Sensex failed to sustain above 66,000 and had come down towards 65,200 as mentioned last week. A low of 65,308.61 was made before closing the week at 65,397.62. The index was down 1.34 per cent for the week.

Short-term view: Immediate support is at 65,300. A break below it can take the Sensex down to 65,000-64,800 this week. A further fall beyond 64,800 is less likely.

A bounce either from 65,300 itself or from the 65,000-64,800 support zone can take the Sensex up to 66,000-66,500 again.

Important resistance is at 66,600. Sensex has to break this resistance to move further up to 67,500 and 68,000.

Broadly, 64,800-66,600 will be the trading range for now.

Chart Source: MetaStock

Chart Source: MetaStock

Medium-term view: 64,500 to 68,000/68,500 will be the broad trading range for now. The Sensex can continue to oscillate within this range for some more time. As long as it sustains above 64,500, the bias is bullish. So, we can expect the Sensex to break 68,500 and rise to 70,000 eventually in the coming months.

The outlook will turn bearish only if the Sensex declines below 64,500. In that case, the index can fall to 63,000 and even lower going forward.

Supports to watch
19,400 on the Nifty
64,800 on the Sensex
32,850-32,700 on the Dow Jones
Nifty Bank (43,723.05)

The resistance at 44,700 continues to hold well. Nifty Bank index extended its fall for the fifth consecutive week. The index was down 1.28 per cent last week. It has tumbled over 5 per cent in the last five weeks. Nifty Bank index has closed the week at 43,723.05.

Short-term view: The outlook is weak. The region between 44,600 and 44,700 will continue to act as a strong resistance. Immediate support around 43,600. But the index looks vulnerable to break below it and fall to 43,000 initially. A further break below 43,000 can drag the Nifty Bank index down to 42,850 and 42,700.

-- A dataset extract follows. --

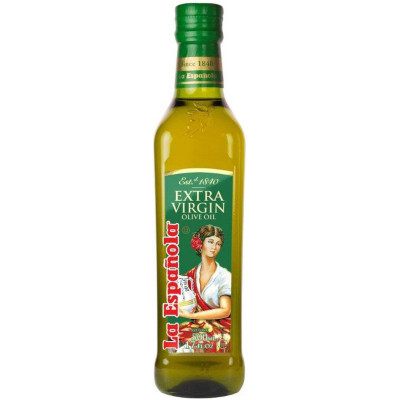 Масло оливковое La Espanola нерафинированное высшего качества Extra Virgin, 500мл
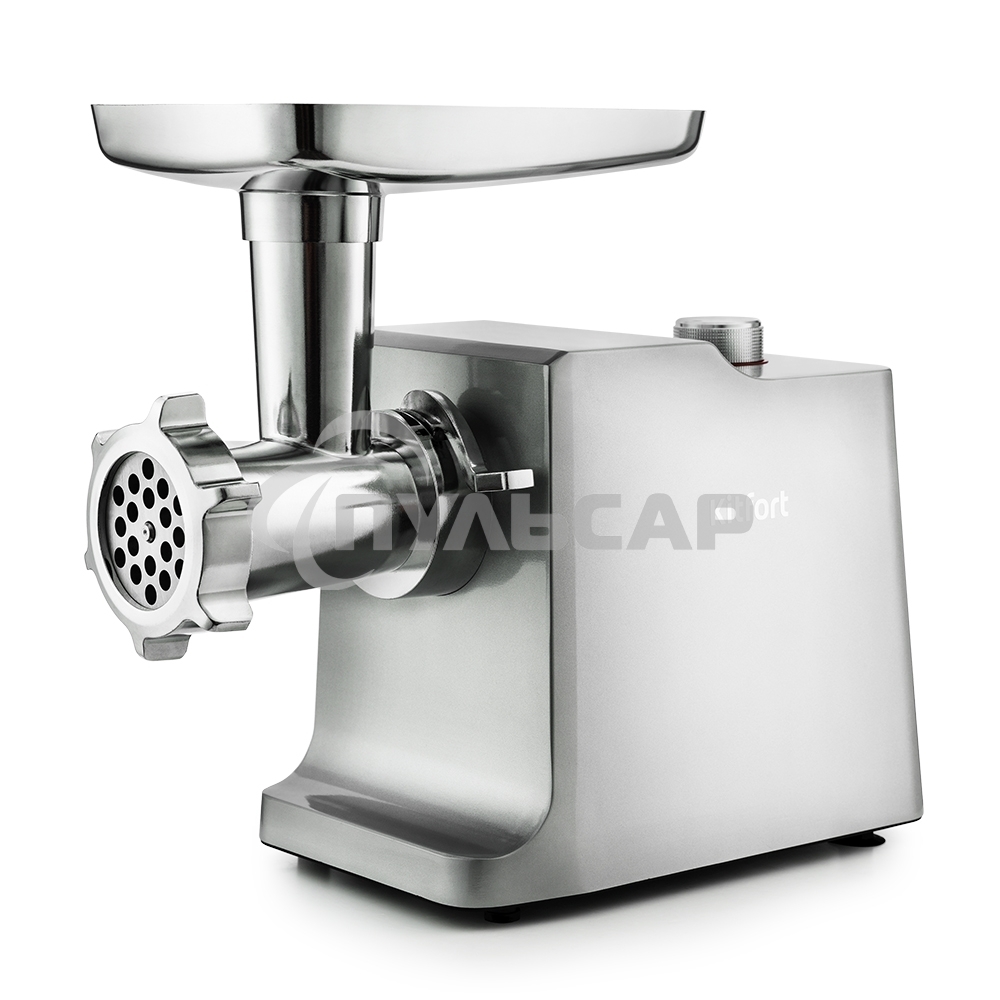 Мясорубка электрическая Kitfort KT-2108 1800Вт серебристый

To avoid this fall, the index has to rise back immediately and breach 44,700. Only in that case, the Nifty Bank index will get a breather and rise to 45,000 and higher levels.

Chart Source: MetaStock

Chart Source: MetaStock

Medium-term view: The levels of 42,850 and 42,700 mentioned above are strong medium-term supports. We expect them to hold and limit the downside. A bounce from this support zone and a subsequent rise past 45,000 will strengthen the bullish momentum. In such a scenario, Nifty Bank index can rise to 46,000-46,500 first and then to 48,650-48,700 eventually.

The outlook will turn bearish only if the index declines below 42,700. In that case, a fall to 42,000 and lower levels can be seen.

Dow Jones (33,127.28)

The Dow Jones Industrial Average broke above 34,000 initially, but did not sustain. The index made a high of 34,147.63 and fell sharply giving back all the gains. It has closed the week at 33,127.28, down 1. 61 per cent.

Chart Source: MetaStock

Chart Source: MetaStock

Outlook: The near-term outlook is negative. The next supports at 32,850 and 32,700 can be tested this week. But these are very strong support and can halt the fall.

A strong bounce from either of these supports can take the Dow Jones up towards 34,000 again. A subsequent break above the resistance at 34,300 will strengthen the bullish case for a rise to 35,500 and higher levels, going forward.

So, the price action this week is going to be very important for the Dow Jones.